The method has produced similar results even for organizations that are much smaller. Chuny Klein, who spearheaded a Charidy campaign for Talmud Torah Boyan of Boro Park, said that he and other vaad members who are currently involved in upgrading the mosad saw crowdfunding’s potential and wanted their project to benefit from this tool while it was still at its peak.

“The success is conditional on having a motivated team, and if you have that, you have a very big chance of success,” he told Hamodia. “It’s not only about big donations but about the number of donors — the more $18 donations the better. At the end of the campaign, we had more than 4,500 donors. That’s more than the Talmud Torah ever had for any single fundraising event.”

Rabbi Moshe Margaretten, an askan from Monsey who has been advocating for prison reform for more than a decade, led one of the most unusual campaigns within the Orthodox world.

After years of false starts and dashed hopes, his team was finally on the brink of passing a major prison-reform bill at end of 2018. It was supported by President Trump and had passed the House, and had enough support for Senate passage. However, only 12 Republican senators had signed on and Senate Majority Leader Mitch McConnell was refusing to put the bill forward without further Republican support. With only a month to go before the end of the year, Rabbi Margaretten and his team needed to hire a squad of lobbyists in an effort to garner more Republican support.

“The door was closing. Ten years of work had come down to four weeks that were make-or-break,” Rabbi Margaretten told Hamodia. “The traditional way of raising money takes lots of time, to get appointments by philanthropists and raise money from them one by one, but for us it was urgent.”

With a small window to bring a decade-long effort to completion, he approached Charidy to raise the needed funds, and a matching campaign yielded a $2 million windfall.

The lobbyists hired with that money succeeded in convincing some 20 additional Republicans to support the bill, and Sen.

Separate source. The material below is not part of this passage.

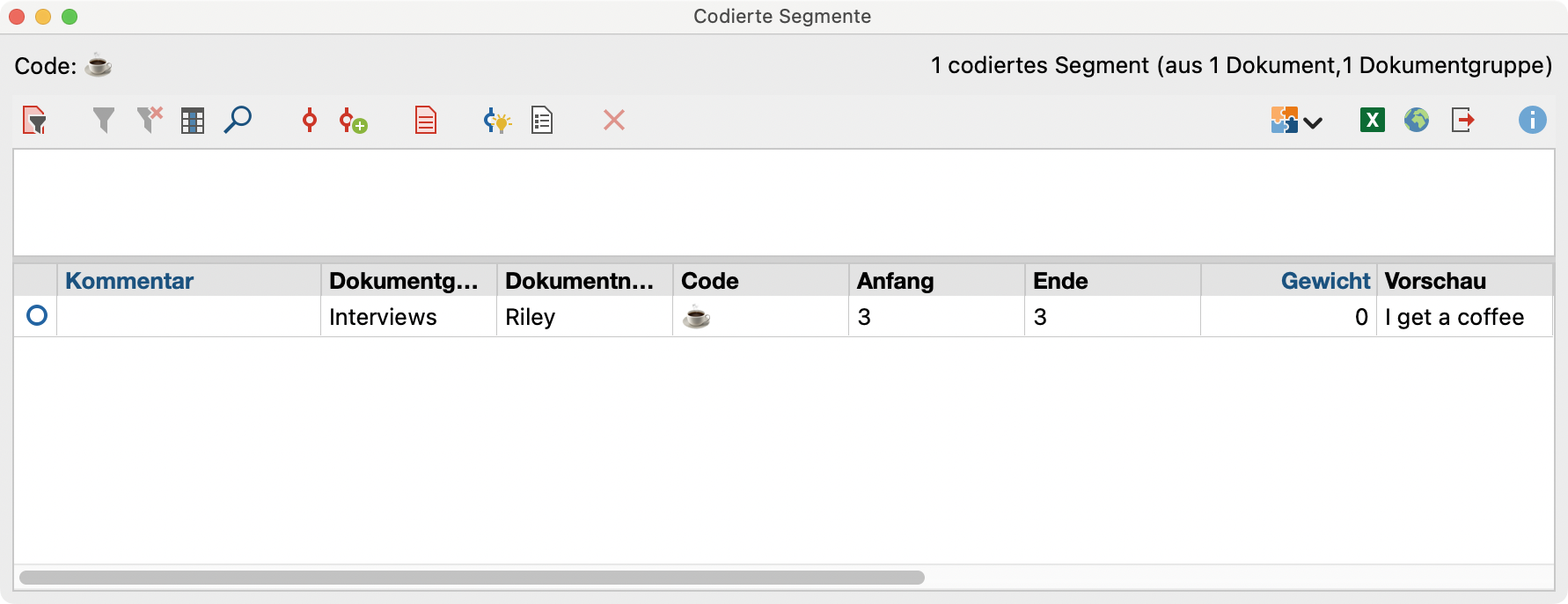 Emoticodes in der „Liste der codierten Segmente“ und in der „Übersicht codierte Segmente“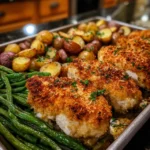 Parmesan Crusted Chicken Sheet Pan Dinner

McConnell agreed to a floor vote.

“Charidy gave me the platform and the ability to reach out to Klal Yisrael and, baruch Hashem, we got the money to get this over the finish line,” said Rabbi Margaretten.

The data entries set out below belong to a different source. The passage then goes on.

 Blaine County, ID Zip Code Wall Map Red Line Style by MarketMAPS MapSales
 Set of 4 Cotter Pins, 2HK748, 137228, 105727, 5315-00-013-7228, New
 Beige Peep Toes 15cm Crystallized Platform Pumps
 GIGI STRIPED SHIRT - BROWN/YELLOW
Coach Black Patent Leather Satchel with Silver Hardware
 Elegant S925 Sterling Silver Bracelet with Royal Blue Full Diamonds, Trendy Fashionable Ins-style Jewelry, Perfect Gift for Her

Shmuel Stern, founder and CEO of Compass Crew, a Kiryas Joel-based marketing firm that has acted as an agency for over a dozen of the most recent Charidy campaigns, said that once mosdos discovered that the crowdfunding system could be adapted to their clientele, the reasons for its popularity were obvious.

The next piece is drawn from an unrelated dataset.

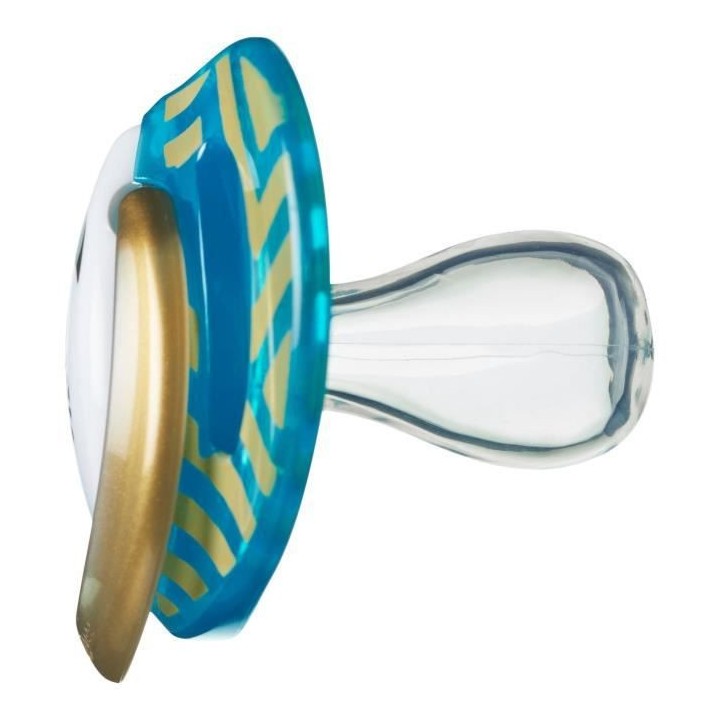 Tommee Tippee Sucette Moda 18-36m Chien Or et Bleu Rayé Lot de 2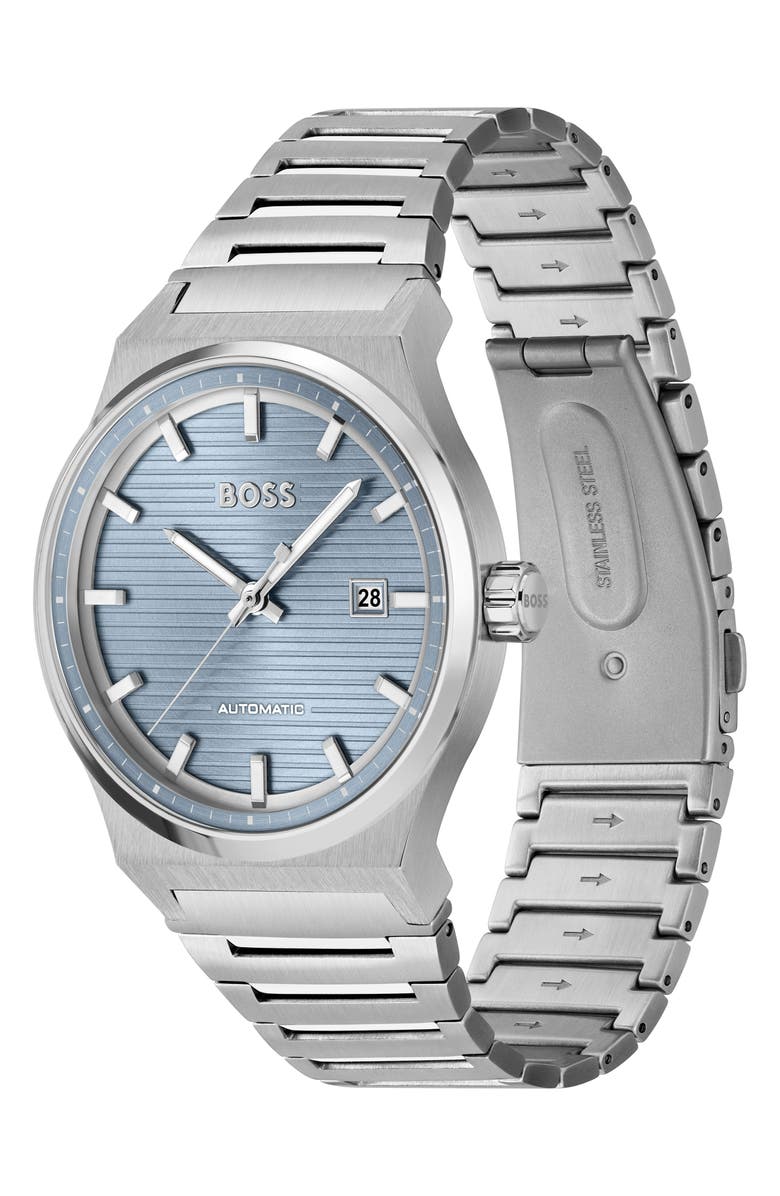 BOSS Candor Automatic Bracelet Watch, Alternate, color, Blue Dial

“Fundraisers all used to bring in the most money through a dinner, but a dinner, even with a good honoree, only brings in a few hundred people. The preparation is very long and difficult, and you are mostly left with pledges which you then have to start actually collecting,” he told Hamodia. “If it’s done right, crowdfunding can bring in huge numbers of people, you work hard but for a much shorter time, and you walk away with money in the bank.”

At What Price?

It was late at night when someone knocked at Yehudah’s* door.

“I was getting ready to go to bed, but was still fully dressed,” he recalled. “When I opened the door, I discovered my upstairs neighbor standing there. Though I try to be neighborly with everyone who lives in the building, it so happens that I have no relationship with the person who lives directly above my apartment. The only time I hear from him is in the early mornings when his alarm clock vibrates through my ceiling for what seems like an eternity. Other than that, he barely returns my greeting in the elevator.

“Yet, here he was, after 11:00 at night, standing at my door, notifying me that his kehillah had launched an ‘emergency campaign’ and urging me to take part by giving him my credit card information. I wanted to tell him that there is more to being a neighbor that pressuring someone to give money to a mosad that he has absolutely no connection to … but I didn’t.”

Despite the phenomenon’s success, many at the giving end of such efforts have far less enthusiasm for crowdsourcing. Of a sampling of a dozen or so “citizens” who had been solicited by, or asked to participate in, a crowdfunding campaign, Hamodia heard an earful of critique. Interviewees mostly asked to remain anonymous, but none shied away from expressing strong opinions on the matter.

A key to many crowdfunding efforts is a tightly limited time frame and dramatic billing — often labeled an “emergency campaign” or something similar. One Boro Park mother and grandmother questioned the honesty and long-term effects of both of these elements.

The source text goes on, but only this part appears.